I think this is me. I’m the one who knows when to stop drinking (most of the time), and knows when to get a pint of water for the less wiley and the more wild. Some of you may call The Mammy the dry-shite though! The Mammy organises all the bills and contracts, makes sure there is always washing-up liquid beside the sink and washing tablets beside the fabric conditioner for the washing machine.
The Mammy always has too much food in and makes extra for you and stores even more ready-made dinners in the freezer for a rainy day. S/he can magically whip up something out of nothing should there be no food in, for some strange reason.

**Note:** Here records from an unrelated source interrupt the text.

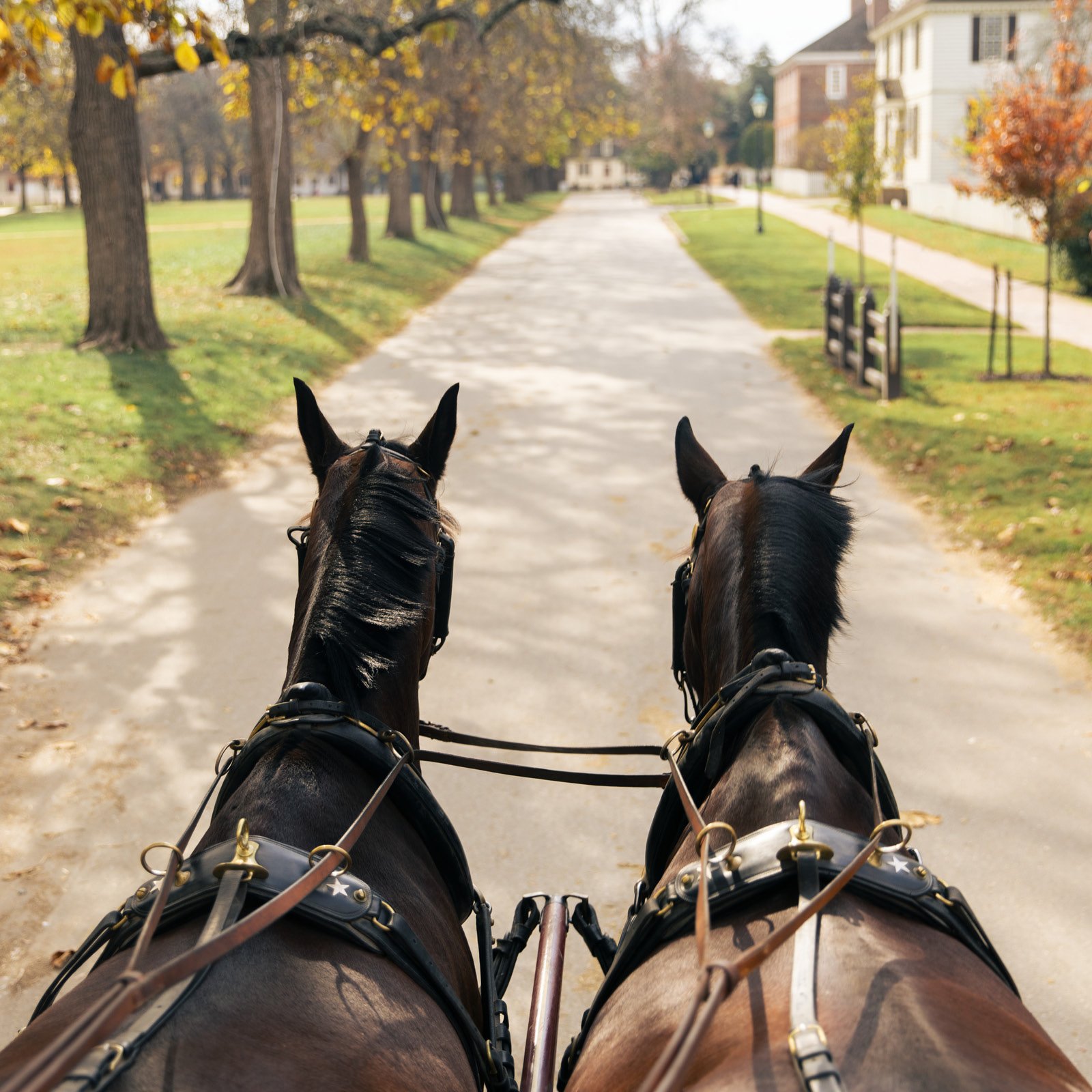 notable-diarists_cover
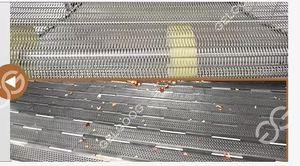 Horno industrial continuo Gelgoog para tostar y pelar cacahuetes y anacardos, máquina para tostar nueces - Product Image 6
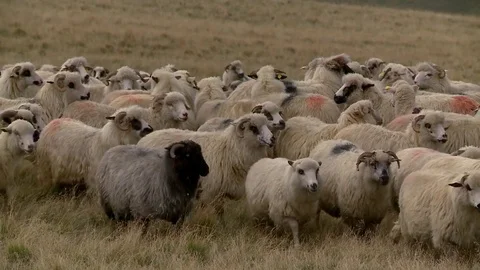 Sheep in the Carpathian Mountains Stock Footage 78239211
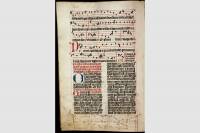 Pozvánka na on-line prednášku Dr. Rhianydd Hallasovej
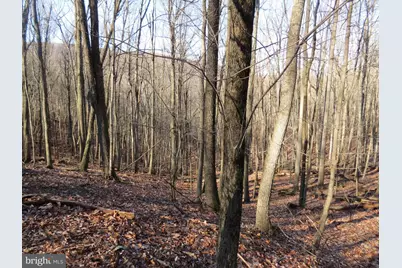 14A Cedarwood Drive Road, Mathias, WV 26812 - Photo 1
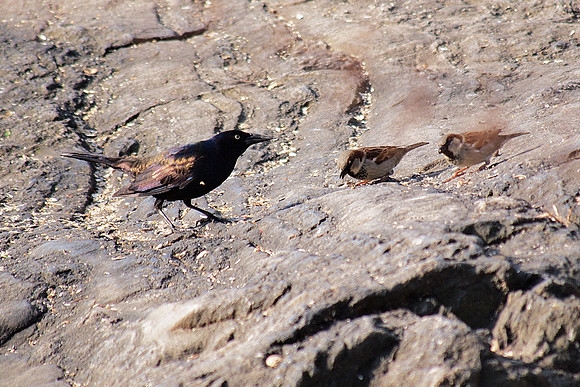 Grackle and sparrows, Central Park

The Mammy generally fusses over the cleaning- even remembering to throw the tea towels, hand towels and couch throw into the wash at the weekend.
The Mammy knows that life is all about balance, and that if your feeling down today, you’ll be up tomorrow. S/he always has an open ear. Appreciate The Mammy; like our own Mammies, even if s/he is a head ache, s/he means well and appreciates the appreciation. Let her know gently if she is being a thorn in the side mind.
Maybe when I’m a forty-something I might be able to afford an over-priced mortgage to rule my own roost and fluff my own feathered pillows, but until then, I may keep my chin up and my head clear along with crossed fingers that I will meet as many more Legends, Cooking Buddies, Mammies and Nut-Jobs as possible. As I cross those fingers, I’ll strive to be the housemate characters just listed… because there is certainly enough Thermometers, Bitches, Threatening Ones, Tight Meanies, Thieves and Creeps out there already!